Il juge en effet que la praticienne « ne peut, en tout état de cause, utilement se prévaloir de l’illégalité de la mesure de suspension dont elle a fait l’objet pour soutenir qu’elle était en droit de percevoir cette indemnité entre le 1er janvier 2014 et le 1er avril 2018, en l’absence de service fait durant cette période ». Le principe du service fait, condition nécessaire à la rémunération d’un agent public, devient ici le critère déterminant qui fait obstacle à la demande. L’illégalité de la suspension ne peut suffire à reconstituer fictivement un service qui, matériellement, n’a pas été accompli.
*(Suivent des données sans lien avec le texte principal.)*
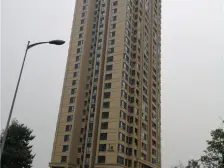 户型方正 近轻轨 精装修 环境好 诚心出售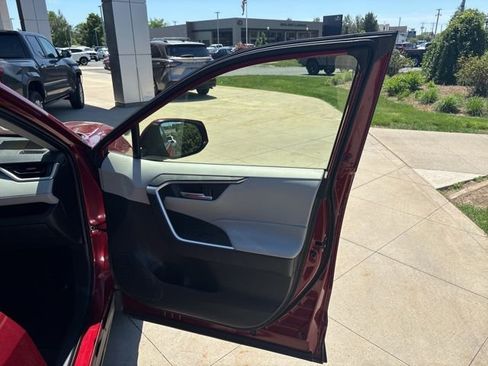 Used 2025 Toyota RAV4 XLE w/ Convenience Package AWD/4WD image 36
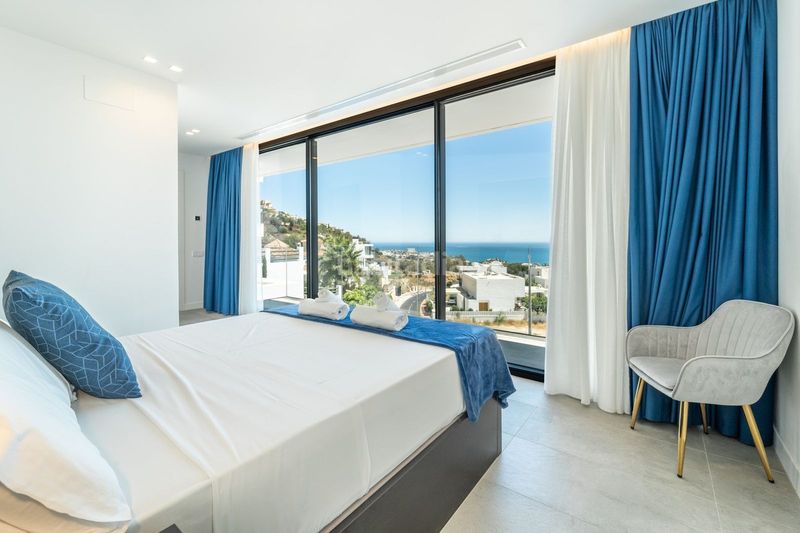 Foto 0bf82ca2-5d34-4555-81e4-8c70dd183268. Casa adossada amb aparcament a Cortijo Torrequebrada Benalmádena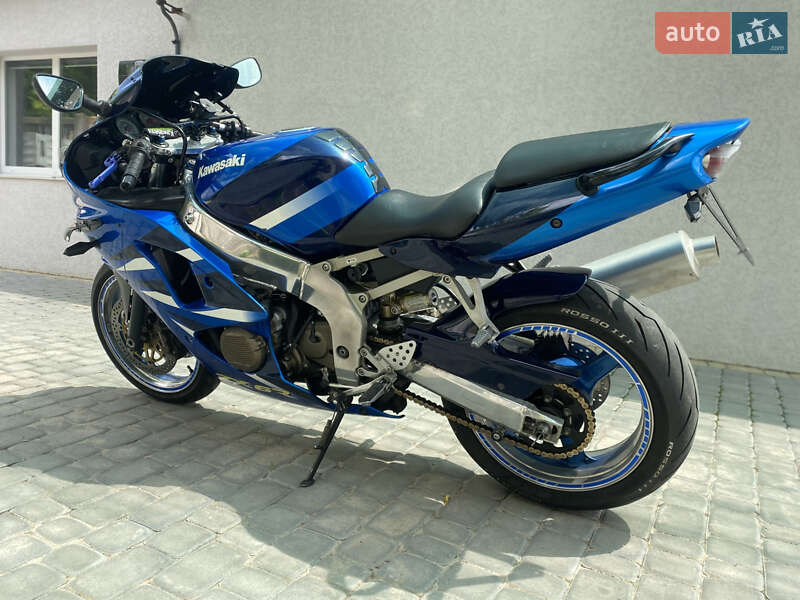 Спортбайк Kawasaki Ninja ZX-6R 2002 в Виннице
La Haute Juridiction refuse ainsi de lier automatiquement l’annulation d’un acte administratif au paiement d’une rémunération accessoire dont l’une des conditions essentielles fait défaut.
II. La portée de la solution : une clarification des voies de droit
En fermant la porte à une demande de paiement direct de l’indemnité, la décision du Conseil d’État réaffirme la distinction fondamentale entre la créance statutaire et la réparation d’un préjudice (A), orientant ainsi implicitement la praticienne vers l’engagement d’une action en responsabilité (B).
A. La distinction réaffirmée entre la créance statutaire et la réparation du préjudice
Dès les premiers considérants de sa décision, le Conseil d’État prend soin de qualifier la nature de l’action engagée par la requérante. Il souligne que la cour administrative d’appel « s’est prononcée sur des conclusions de plein contentieux tendant au versement d’une somme dont la requérante estimait qu’elle lui était légalement due (…) et non sur un recours indemnitaire tendant à la réparation du préjudice ». Cette précision est essentielle, car elle conditionne l’ensemble de la solution. La praticienne n’a pas demandé réparation pour la faute commise par l’administration, mais a agi comme si elle était titulaire d’une créance salariale née de l’application normale de son statut.
Or, comme l’a démontré la première partie du raisonnement, son statut de praticienne suspendue ne lui ouvrait pas droit à cette indemnité. En rejetant la demande, le Conseil d’État ne nie pas le préjudice subi du fait de l’illégalité de la suspension, mais constate simplement que la voie de droit choisie est inadéquate. La créance n’existant pas, le juge ne peut la reconnaître. Cette approche rigoureuse préserve la cohérence des régimes juridiques : le contentieux du paiement d’une rémunération statutaire obéit à ses propres règles, distinctes de celles qui gouvernent la responsabilité administrative.
B. L’incitation implicite à l’engagement d’une action en responsabilité
En refusant de faire droit à la demande de paiement, tout en reconnaissant que la suspension était illégale, la décision oriente indirectement la praticienne vers le terrain de la responsabilité sans faute de l’administration. La perte de l’indemnité d’engagement de service public exclusif durant près de cinq ans constitue un préjudice financier direct et certain, qui trouve sa cause dans la décision illégale prise par le centre hospitalier. Ce préjudice est donc susceptible d’être réparé sur le fondement de la responsabilité de l’établissement.
La solution adoptée par le Conseil d’État, bien que sévère en apparence pour la requérante dans le cadre de cette instance, a donc une portée pédagogique. Elle rappelle aux agents publics victimes d’une décision administrative illégale que la reconstitution de leurs droits financiers ne peut s’opérer par la fiction d’un service fait, mais doit faire l’objet d’une action en réparation en bonne et due forme. Dans ce cadre, le montant des indemnités non perçues constitue l’un des chefs de préjudice dont l’agent peut demander l’indemnisation. La décision, loin de priver l’agent de tout recours, clarifie la procédure à suivre pour obtenir une juste réparation de son dommage.